Haufen von Asiaten, darunter Hindus aus Pondichéry und Malaien, drängen sich auf den
breiten, schattigen Boulevards, die in kerzengeraden Linien die Stadt durchschneiden. Es ist noch
gar nicht sö lange her, so lag hier die unsaubere und nach der Art von Bangkok von Wasseradern
durchzogene Stadt der Eingeborenen.
Europäische Gesichter bekommt man nur wenig zu sehen. Die Zahl der Weissen ist verschwindend
gering, obschon die sanitären Verhältnisse in Cochinchina sich von Jahr zu Jahr
besser gestalten. Früher herrschte hier eine grauenerregende Sterblichkeit. Fieber aller Art und
gastrische Störungen zerstörten in sehr kurzer Zeit die widerstandsfähigsten Constitutionen. Unter
anderm beobachtete man die seltsame Thatsaçhe, dass die Mestizen und Creolen aus französischen
Tropencolonien, sogar Mischlinge von Negergeblüt, vom Klima Cochinchinas mehr litten als die
Ankömmlinge aus dem Norden. Heutzutage gehört das Centrum des Landes im Gegentheil zu
den verhältnissmässig gesündesten Aufenthaltsorten. Trotzdem hat die Entlegenheit der Colonie
zusammen mit der Abneigung der Bevölkerung des Mutterlandes, ihr Glück jenseits des Meeres
zu suchen, bisjetzt nur eine ziemlich unbedeutende Anzahl von energischen Ansiedlern hierher gelockt
Seine Wohlfahrt verdankt Saigon in erster Linie, wenn nicht gänzlich, dem rationellen Vorgehen
der Marinebehörden. Eine Reihe von etwa zwanzig Admiralen verwaltete die Stadt bis zur
Einführung einer Civiladministration und brachte dem Lande — was auch die radicale Presse in rücksichtslosen
Invectiven dagegen vorzubringen sucht — jedenfalls nicht geringem Nutzen, als das
militärische Régime bei uns seinerzeit Centralasien gebracht hat Die Anwendung und Uebertragung
gewisser europäischer Begriffe auf den Grundstock der hier wie dort herrschenden Lebensanschauungen
und im Gewohnheitsrecht wurzelnden Einrichtungen kann sowol dem Prestige der
Vormünder als den Eingeborenen selbst nur zum Schaden gereichen.

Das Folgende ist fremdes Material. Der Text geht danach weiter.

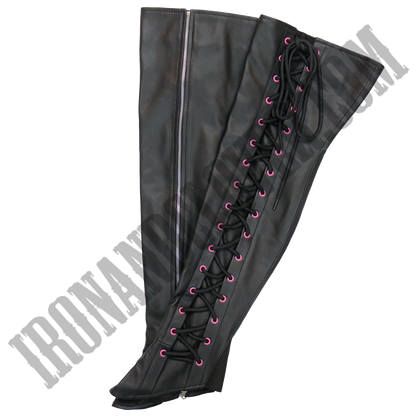 Side Lace Leather Leggings with Pink Accent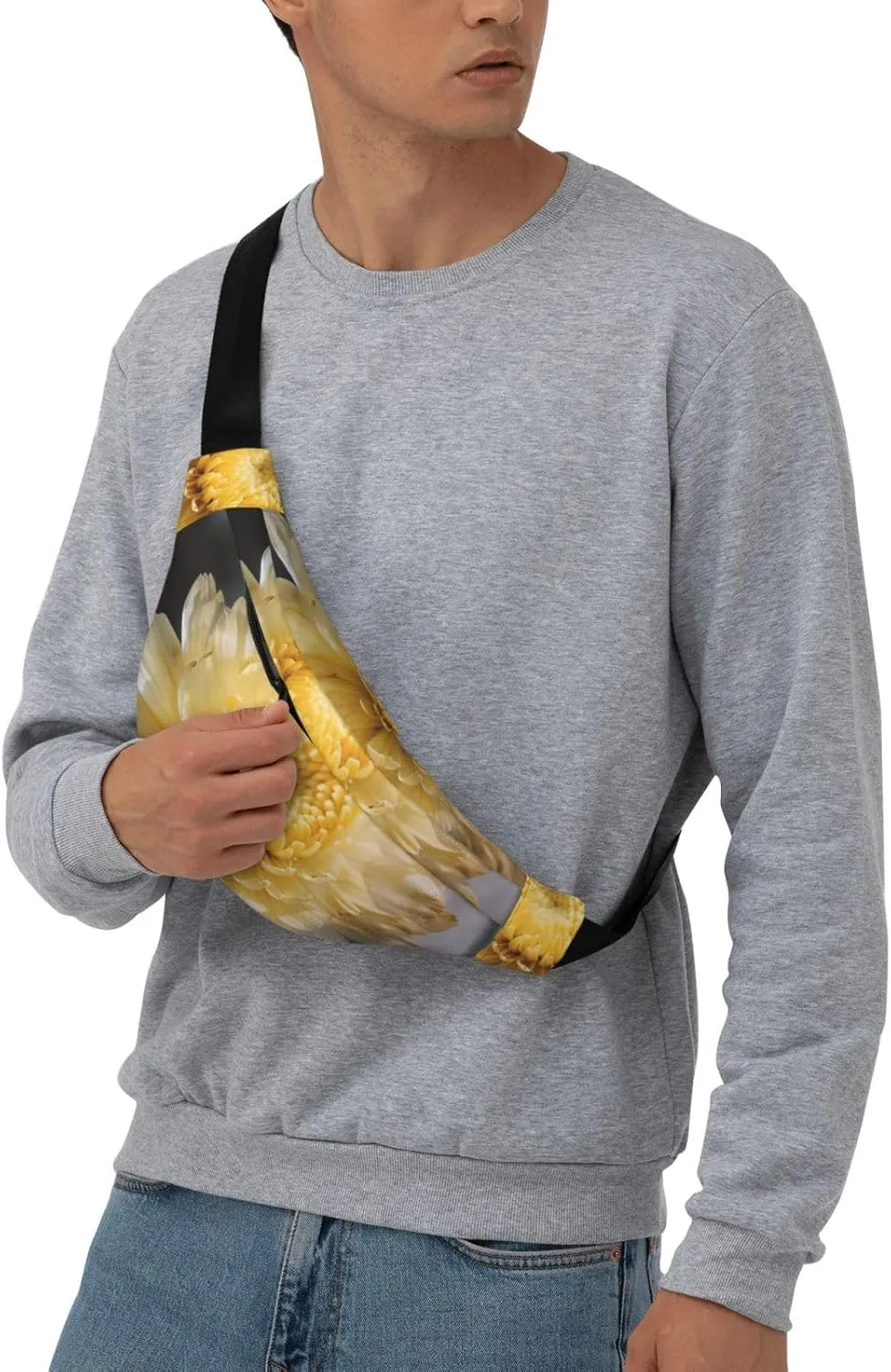 Fanny Pack for Men Women Waist Bag Adjustable Waist Pack Crossbody Belt Bag Light Yellow Flower Bum Bag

Ihren Hoheiten sind Gemächer im Gouvernementspalais eingeräümt Das Gebäude, das in
zwei Geschossen aufgeführt und mit einer Kuppel geschmückt ist, kostete zwölf Millionen Franken.

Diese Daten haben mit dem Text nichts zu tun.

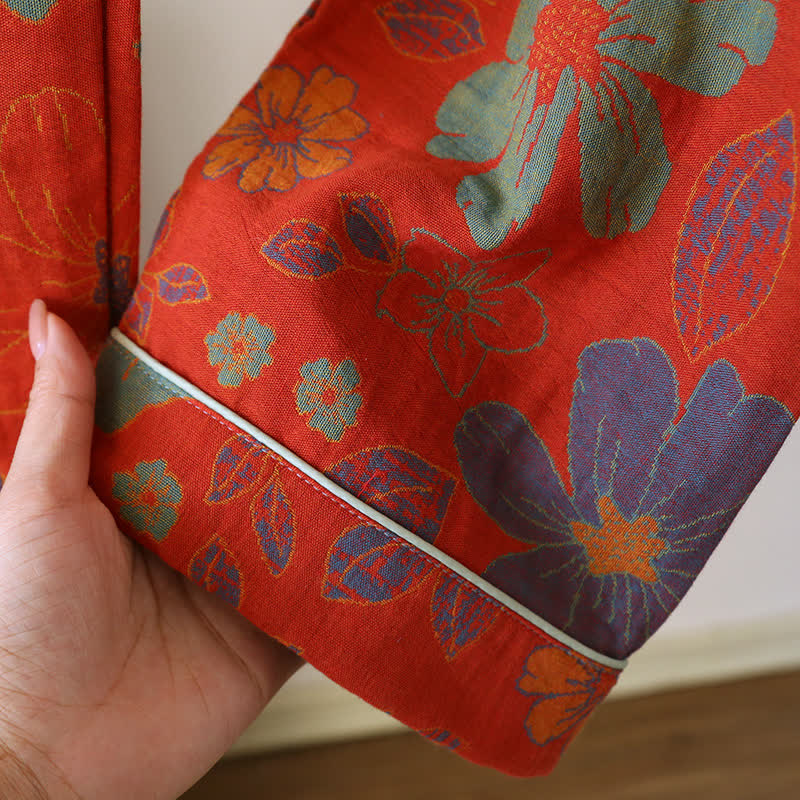 Pigiama a maniche corte in cotone con motivo floreale jacquard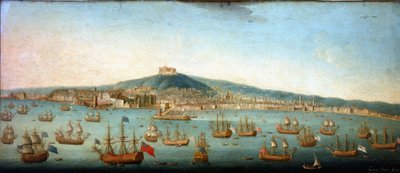 Vista de la bahía de Nápoles con la flota del almirante Byng anclada. de Gaspar Butler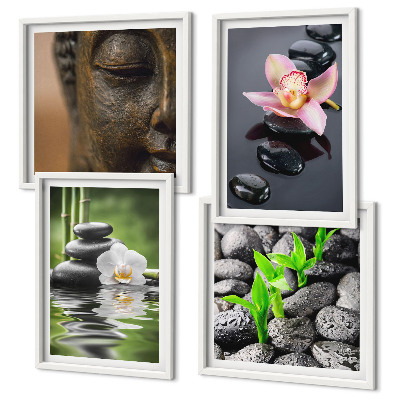 Billedsæt med ramme Fredfyldt Zen Blomst Buddha Komposition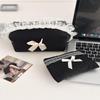 Black Lace Bow Makeup Bag Large Capacity Toiletry Bag Travel Cosmetic Organizer Cute Korean Portable Pouch For Women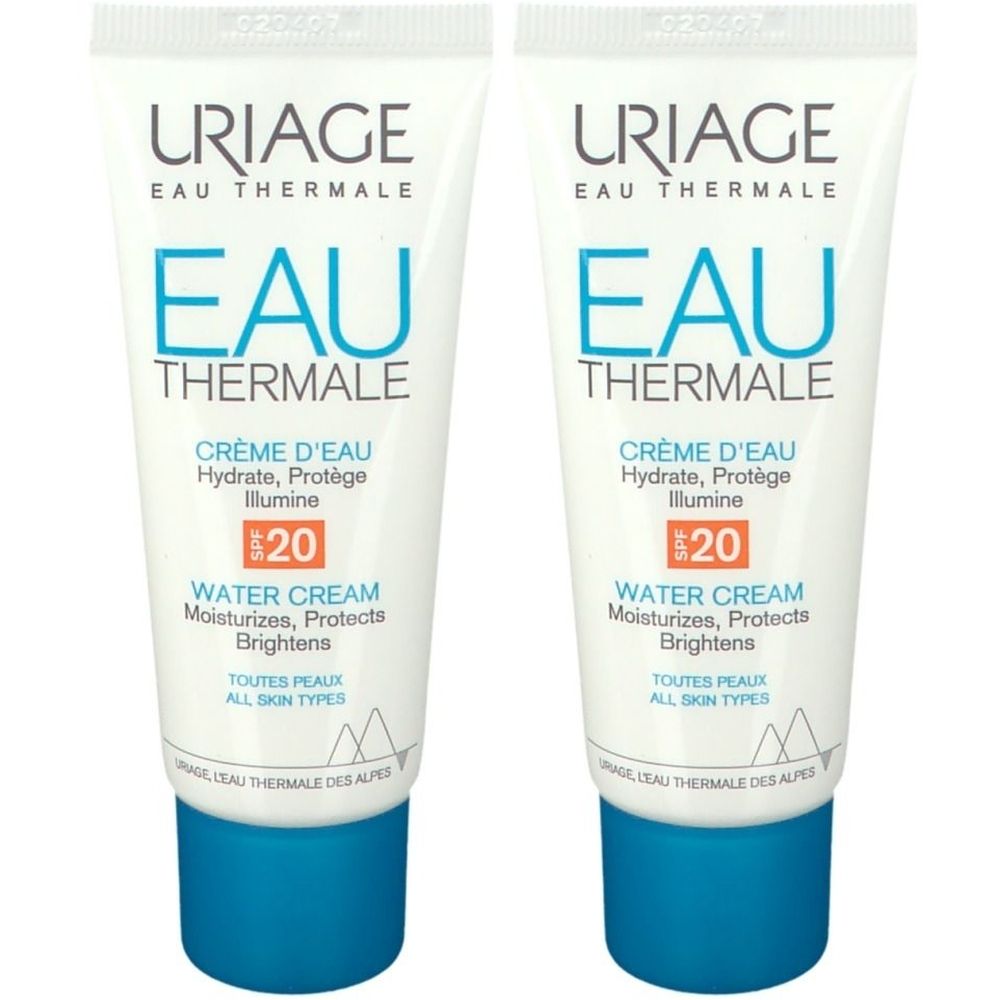 Twee tubes Uriage Eau Thermale Crème d'Eau SPF20. Witte tubes met blauwe dop. Tekst: Eau Thermale, Crème d'Eau, SPF20, Water Cream.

Es soll den Eingeborenen, trotzdem es dem Leben und Treiben der Stadt etwas entrückt ist, doch
gewaltig imponiren.
Der Generalgouverneur von Indochina bezieht ein Jahresgehalt von 180000 Franken,
worunter allerdings auch die Repräsentationsgelder mitinbegriffen sind. Das Leben in Cochinchina
ist im allgemeinen wohlfeil. Die französische Regierung versteht es auch, bei ziemlich bescheidenen
Ausgaben die Centralgewalt der Colonie auf derselben Höhe zu erhalten wie die Engländer
unter analogen Bedingungen, wobei die letztem jedoch Millionen und aber Millionen des Vermögens
der Eingeborenen vergeuden.
Beim Galadiner im Palast machen die Vertreter der hiesigen Marine einen ausgezeichneten
Eindruck. Diese wackern Pioniere des neuen Frankreich sind es ja, die in der letzten Zeit ihrem
Vaterlande im fernen Osten ein ganzes Reich geschaffen, für die Wissenschaft und Cultur ein
riesiges Gebiet erschlossen, mit ihrem Blut eine Stellung an den Grenzen Chinas erkauft haben!

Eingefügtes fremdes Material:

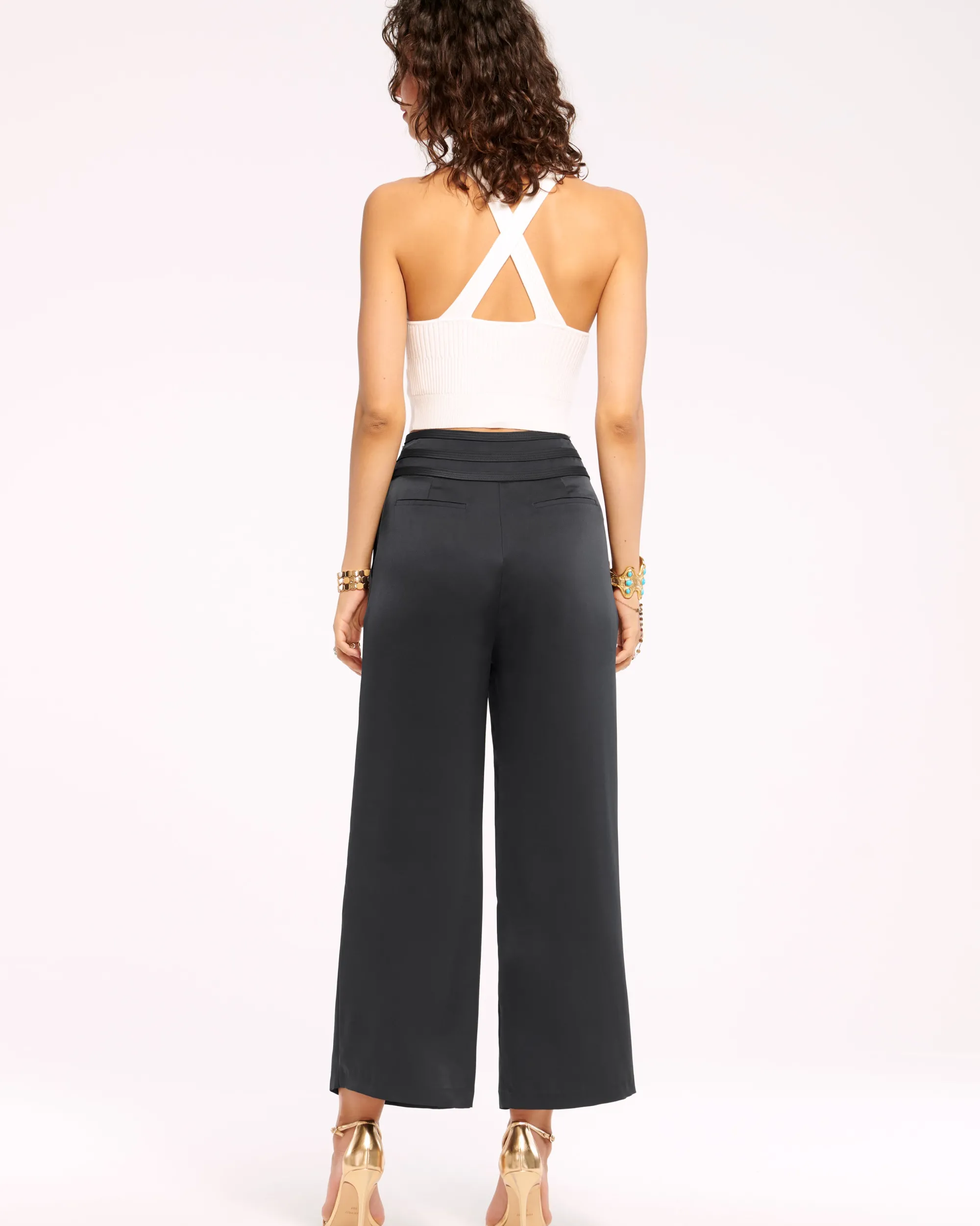 New Ramy Brook Joss Cropped Wide Leg Pant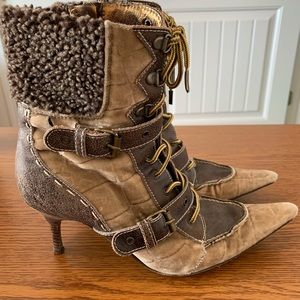 Just Cavalli Vero Cuoio Vintage Ankle Boots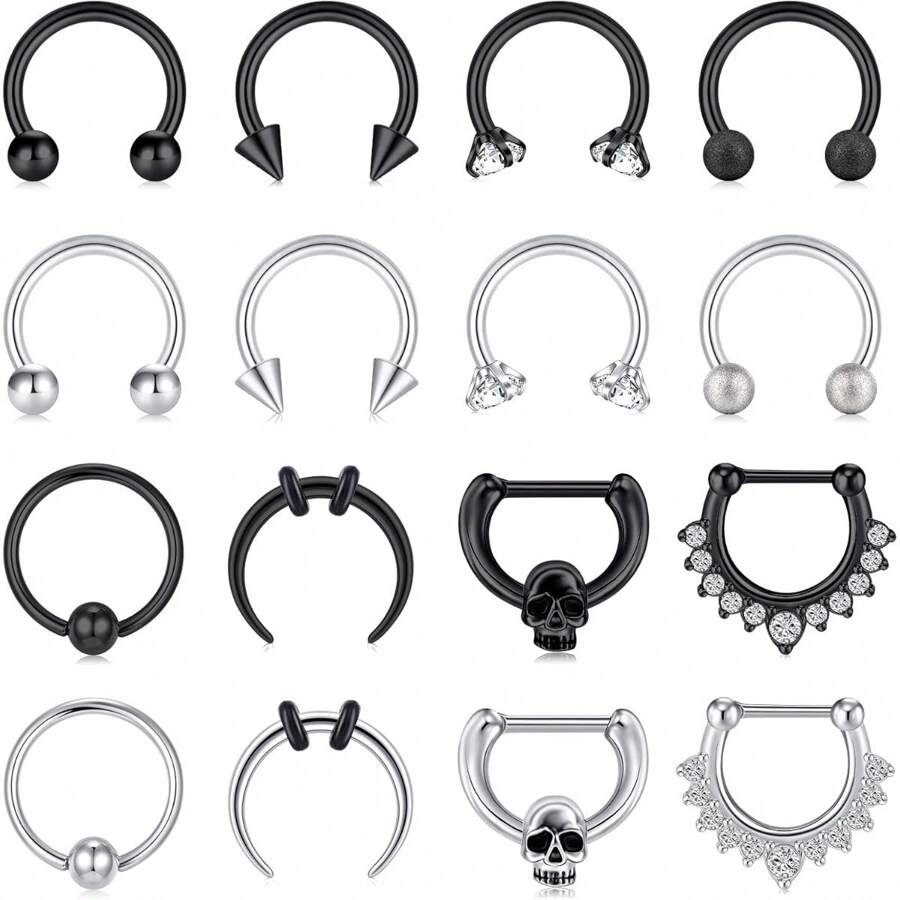 16G Septum Nose Rings Stainless Steel Hinged Seamless Nose Hoop Ring Horseshoe Piercing Jewelry Captive Bead Ring Helix Daith Tragus Cartilage Earrings For Women Men - 銀黑10MM - 查看 1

Im Stillen Ocean verfügt die Republik über die sogenannte „Division navale de l’Extrême Orient“ ,
die zur Stunde Contreadmiral Besnard befehligt. Flaggschiff ist der zweithürmige Panzerkreuzer
„Triomphante“ , der zum Bestände des berühmten Geschwaders des verstorbenen Admirals
Courbet gehörte.
Der Generalgouverneur bringt einen Toast aus auf Seine Majestät den Zaren, worauf Seine
Kaiserliche Hoheit der Grossfürst-Thronfolger für den gastfreundlichen Empfang dankt und den
Pokal auf die französische Nation und ihren Präsidenten erhebt.